◆ **Task to carry out**:
Give back every line of the material below that has the string "noäi".

◆ **Record set**:
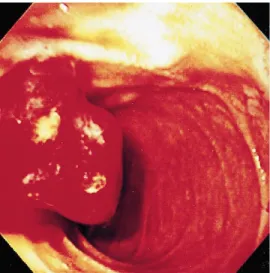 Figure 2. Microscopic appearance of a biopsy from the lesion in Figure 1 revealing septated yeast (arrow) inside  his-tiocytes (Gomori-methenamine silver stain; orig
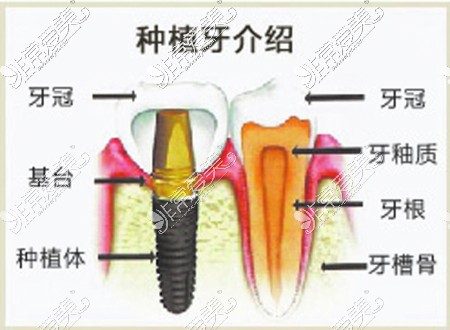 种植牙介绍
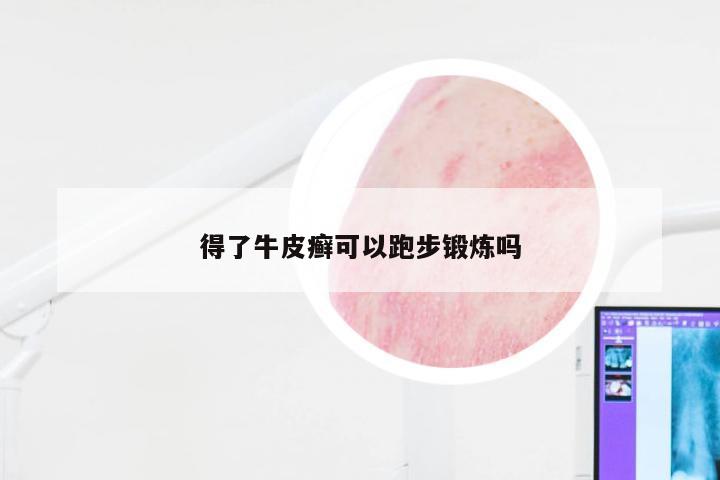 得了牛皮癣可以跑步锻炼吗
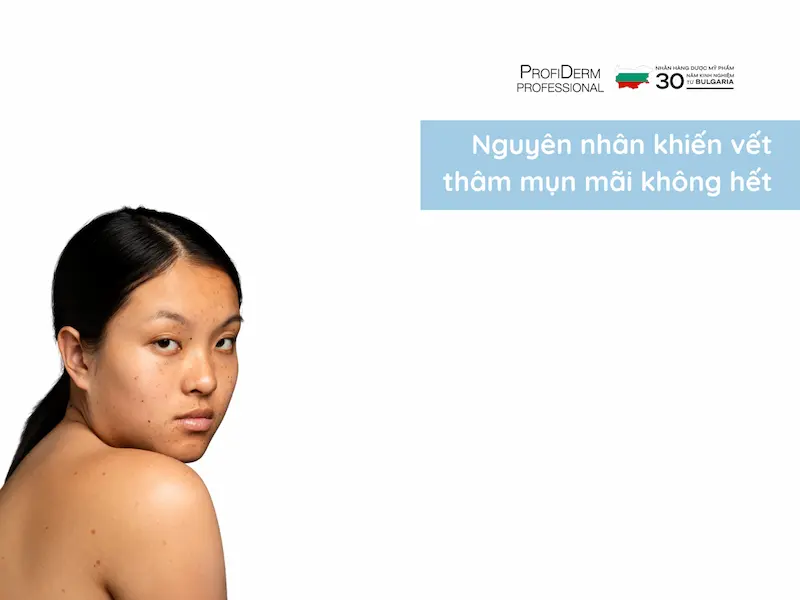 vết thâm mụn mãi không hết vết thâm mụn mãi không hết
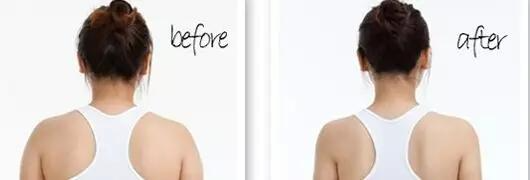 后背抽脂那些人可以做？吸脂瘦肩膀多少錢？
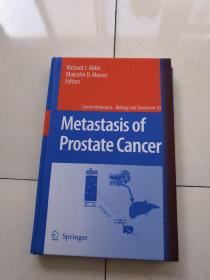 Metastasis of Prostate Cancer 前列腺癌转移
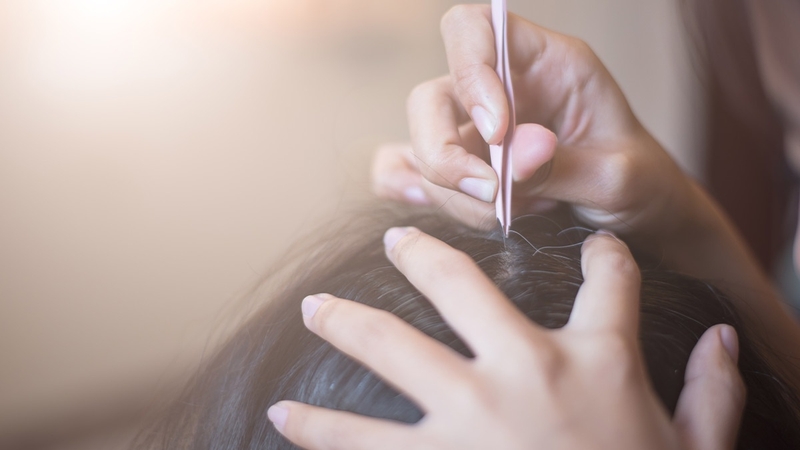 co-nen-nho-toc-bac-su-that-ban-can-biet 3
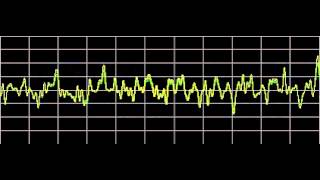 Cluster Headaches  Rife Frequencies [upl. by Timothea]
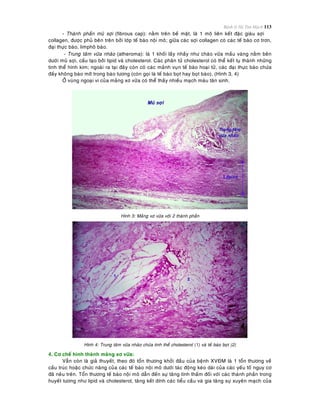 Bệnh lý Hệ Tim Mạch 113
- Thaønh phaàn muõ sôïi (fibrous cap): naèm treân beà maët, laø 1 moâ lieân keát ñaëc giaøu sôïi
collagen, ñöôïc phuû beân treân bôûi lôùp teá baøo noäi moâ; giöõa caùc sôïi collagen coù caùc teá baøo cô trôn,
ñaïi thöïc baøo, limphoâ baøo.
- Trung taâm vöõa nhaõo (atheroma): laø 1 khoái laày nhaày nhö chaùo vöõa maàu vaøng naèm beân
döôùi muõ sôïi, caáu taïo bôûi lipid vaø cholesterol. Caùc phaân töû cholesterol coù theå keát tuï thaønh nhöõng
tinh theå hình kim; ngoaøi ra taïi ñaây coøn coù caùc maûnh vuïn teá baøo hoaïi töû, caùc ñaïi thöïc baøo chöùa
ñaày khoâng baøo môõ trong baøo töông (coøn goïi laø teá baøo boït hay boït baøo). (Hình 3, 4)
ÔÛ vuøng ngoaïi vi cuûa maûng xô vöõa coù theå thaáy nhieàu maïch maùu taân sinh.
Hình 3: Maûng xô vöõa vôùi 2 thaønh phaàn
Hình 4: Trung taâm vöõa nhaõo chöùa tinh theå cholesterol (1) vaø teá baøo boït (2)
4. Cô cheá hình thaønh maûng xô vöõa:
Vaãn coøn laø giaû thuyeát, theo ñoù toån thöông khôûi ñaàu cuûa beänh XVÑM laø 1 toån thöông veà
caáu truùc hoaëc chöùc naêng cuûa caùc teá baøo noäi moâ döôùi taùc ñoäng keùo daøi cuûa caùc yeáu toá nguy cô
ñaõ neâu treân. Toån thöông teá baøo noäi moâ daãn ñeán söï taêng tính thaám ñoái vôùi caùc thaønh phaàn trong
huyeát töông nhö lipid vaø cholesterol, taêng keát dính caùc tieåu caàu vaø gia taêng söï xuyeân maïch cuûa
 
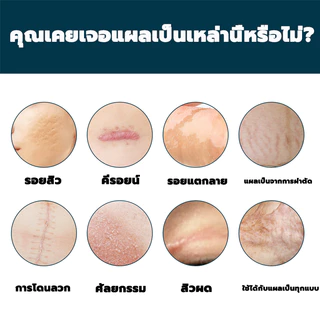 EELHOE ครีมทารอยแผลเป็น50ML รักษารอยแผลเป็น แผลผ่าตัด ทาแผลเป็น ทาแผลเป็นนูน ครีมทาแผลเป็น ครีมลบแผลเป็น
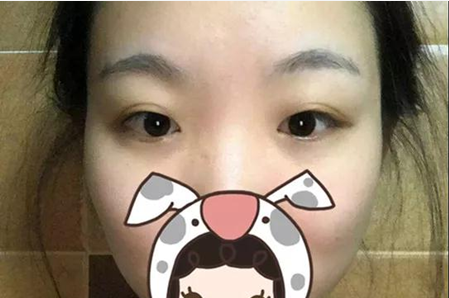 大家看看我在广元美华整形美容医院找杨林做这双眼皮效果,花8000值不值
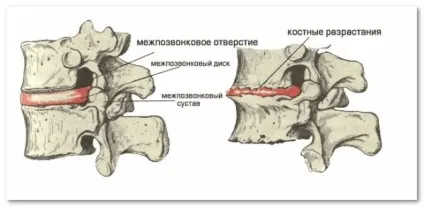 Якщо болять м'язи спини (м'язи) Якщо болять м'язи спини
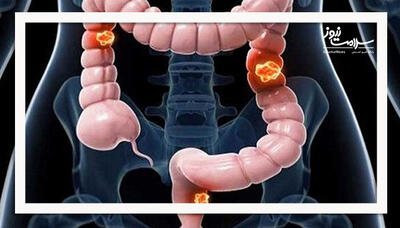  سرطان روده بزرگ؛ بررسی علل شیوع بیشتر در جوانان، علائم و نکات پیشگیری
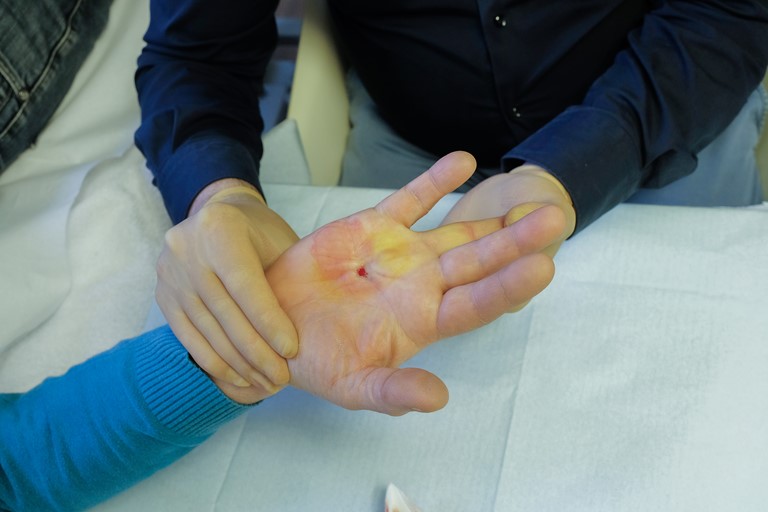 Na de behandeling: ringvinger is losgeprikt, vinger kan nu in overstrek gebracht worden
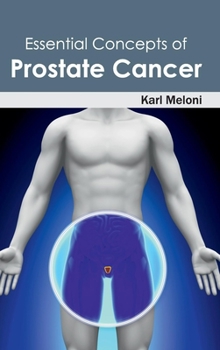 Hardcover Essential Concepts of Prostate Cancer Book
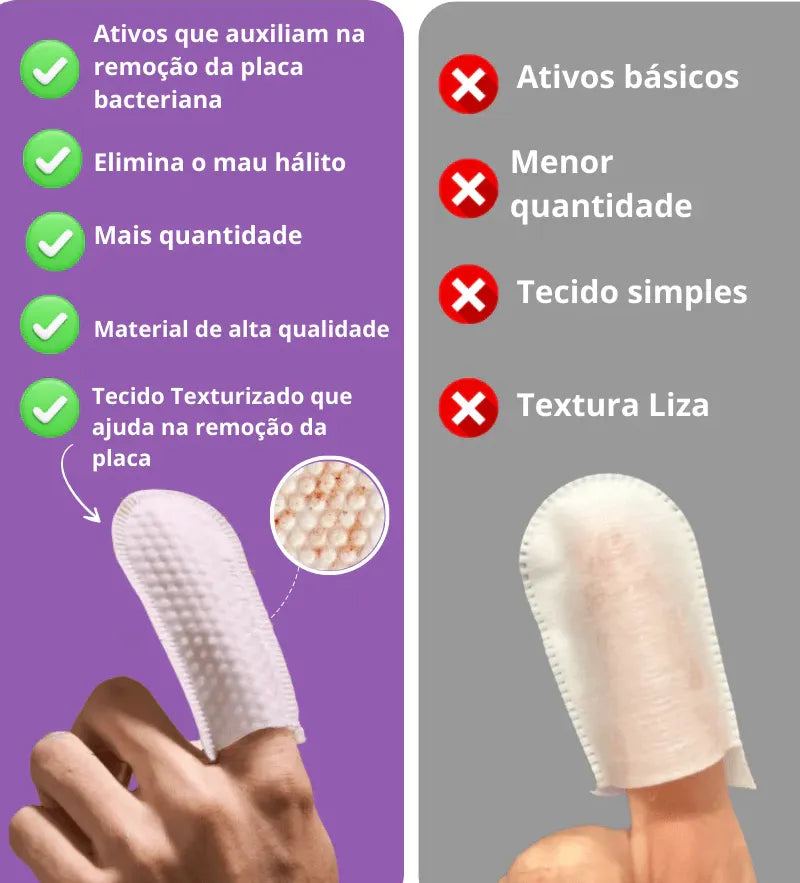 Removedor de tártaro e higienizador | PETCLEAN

◆ **Result of this task**:
collagen, ñöôïc phuû beân treân bôûi lôùp teá baøo noäi moâ; giöõa caùc sôïi collagen coù caùc teá baøo cô trôn,
caáu truùc hoaëc chöùc naêng cuûa caùc teá baøo noäi moâ döôùi taùc ñoäng keùo daøi cuûa caùc yeáu toá nguy cô
ñaõ neâu treân. Toån thöông teá baøo noäi moâ daãn ñeán söï taêng tính thaám ñoái vôùi caùc thaønh phaàn trong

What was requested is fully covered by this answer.